• **WORK ORDER**
Transcribe every record below word for word.

• **DATA SECTION**
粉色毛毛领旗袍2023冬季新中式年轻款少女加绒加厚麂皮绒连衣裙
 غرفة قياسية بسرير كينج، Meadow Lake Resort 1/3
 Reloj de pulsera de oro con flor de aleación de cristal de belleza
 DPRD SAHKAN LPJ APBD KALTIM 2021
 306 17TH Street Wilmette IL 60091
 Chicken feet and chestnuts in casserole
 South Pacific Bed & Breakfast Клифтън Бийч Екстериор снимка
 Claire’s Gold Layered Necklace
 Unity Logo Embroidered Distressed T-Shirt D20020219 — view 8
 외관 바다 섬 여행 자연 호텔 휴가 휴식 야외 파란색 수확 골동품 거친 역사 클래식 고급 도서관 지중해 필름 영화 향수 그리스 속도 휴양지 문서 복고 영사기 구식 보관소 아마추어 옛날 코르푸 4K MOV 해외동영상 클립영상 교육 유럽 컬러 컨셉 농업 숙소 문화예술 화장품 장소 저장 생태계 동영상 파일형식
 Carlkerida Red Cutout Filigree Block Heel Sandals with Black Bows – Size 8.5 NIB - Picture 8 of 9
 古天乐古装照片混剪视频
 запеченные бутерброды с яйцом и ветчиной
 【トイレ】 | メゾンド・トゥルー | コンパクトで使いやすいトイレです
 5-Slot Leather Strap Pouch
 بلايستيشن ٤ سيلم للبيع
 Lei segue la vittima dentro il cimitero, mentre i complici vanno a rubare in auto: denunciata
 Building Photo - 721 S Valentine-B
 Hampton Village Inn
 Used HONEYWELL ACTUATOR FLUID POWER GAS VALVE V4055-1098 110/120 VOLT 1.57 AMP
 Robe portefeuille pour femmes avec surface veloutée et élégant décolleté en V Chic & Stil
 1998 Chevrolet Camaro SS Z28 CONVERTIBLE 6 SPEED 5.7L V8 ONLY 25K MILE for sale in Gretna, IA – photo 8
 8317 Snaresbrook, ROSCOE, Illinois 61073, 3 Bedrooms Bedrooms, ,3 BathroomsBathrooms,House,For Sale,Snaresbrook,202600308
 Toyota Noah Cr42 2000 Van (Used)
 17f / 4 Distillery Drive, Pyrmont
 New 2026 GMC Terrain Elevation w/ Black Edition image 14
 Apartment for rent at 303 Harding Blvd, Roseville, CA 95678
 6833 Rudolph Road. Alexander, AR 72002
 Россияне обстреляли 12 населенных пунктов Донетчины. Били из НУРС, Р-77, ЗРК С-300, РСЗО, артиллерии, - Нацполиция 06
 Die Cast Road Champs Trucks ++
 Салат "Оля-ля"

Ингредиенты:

• **ANSWER SECTION**
粉色毛毛领旗袍2023冬季新中式年轻款少女加绒加厚麂皮绒连衣裙
 غرفة قياسية بسرير كينج، Meadow Lake Resort 1/3
 Reloj de pulsera de oro con flor de aleación de cristal de belleza
 DPRD SAHKAN LPJ APBD KALTIM 2021
 306 17TH Street Wilmette IL 60091
 Chicken feet and chestnuts in casserole
 South Pacific Bed & Breakfast Клифтън Бийч Екстериор снимка
 Claire’s Gold Layered Necklace
 Unity Logo Embroidered Distressed T-Shirt D20020219 — view 8
 외관 바다 섬 여행 자연 호텔 휴가 휴식 야외 파란색 수확 골동품 거친 역사 클래식 고급 도서관 지중해 필름 영화 향수 그리스 속도 휴양지 문서 복고 영사기 구식 보관소 아마추어 옛날 코르푸 4K MOV 해외동영상 클립영상 교육 유럽 컬러 컨셉 농업 숙소 문화예술 화장품 장소 저장 생태계 동영상 파일형식
 Carlkerida Red Cutout Filigree Block Heel Sandals with Black Bows – Size 8.5 NIB - Picture 8 of 9
 古天乐古装照片混剪视频
 запеченные бутерброды с яйцом и ветчиной
 【トイレ】 | メゾンド・トゥルー | コンパクトで使いやすいトイレです
 5-Slot Leather Strap Pouch
 بلايستيشن ٤ سيلم للبيع
 Lei segue la vittima dentro il cimitero, mentre i complici vanno a rubare in auto: denunciata
 Building Photo - 721 S Valentine-B
 Hampton Village Inn
 Used HONEYWELL ACTUATOR FLUID POWER GAS VALVE V4055-1098 110/120 VOLT 1.57 AMP
 Robe portefeuille pour femmes avec surface veloutée et élégant décolleté en V Chic & Stil
 1998 Chevrolet Camaro SS Z28 CONVERTIBLE 6 SPEED 5.7L V8 ONLY 25K MILE for sale in Gretna, IA – photo 8
 8317 Snaresbrook, ROSCOE, Illinois 61073, 3 Bedrooms Bedrooms, ,3 BathroomsBathrooms,House,For Sale,Snaresbrook,202600308
 Toyota Noah Cr42 2000 Van (Used)
 17f / 4 Distillery Drive, Pyrmont
 New 2026 GMC Terrain Elevation w/ Black Edition image 14
 Apartment for rent at 303 Harding Blvd, Roseville, CA 95678
 6833 Rudolph Road. Alexander, AR 72002
 Россияне обстреляли 12 населенных пунктов Донетчины. Били из НУРС, Р-77, ЗРК С-300, РСЗО, артиллерии, - Нацполиция 06
 Die Cast Road Champs Trucks ++
 Салат "Оля-ля"

Ингредиенты:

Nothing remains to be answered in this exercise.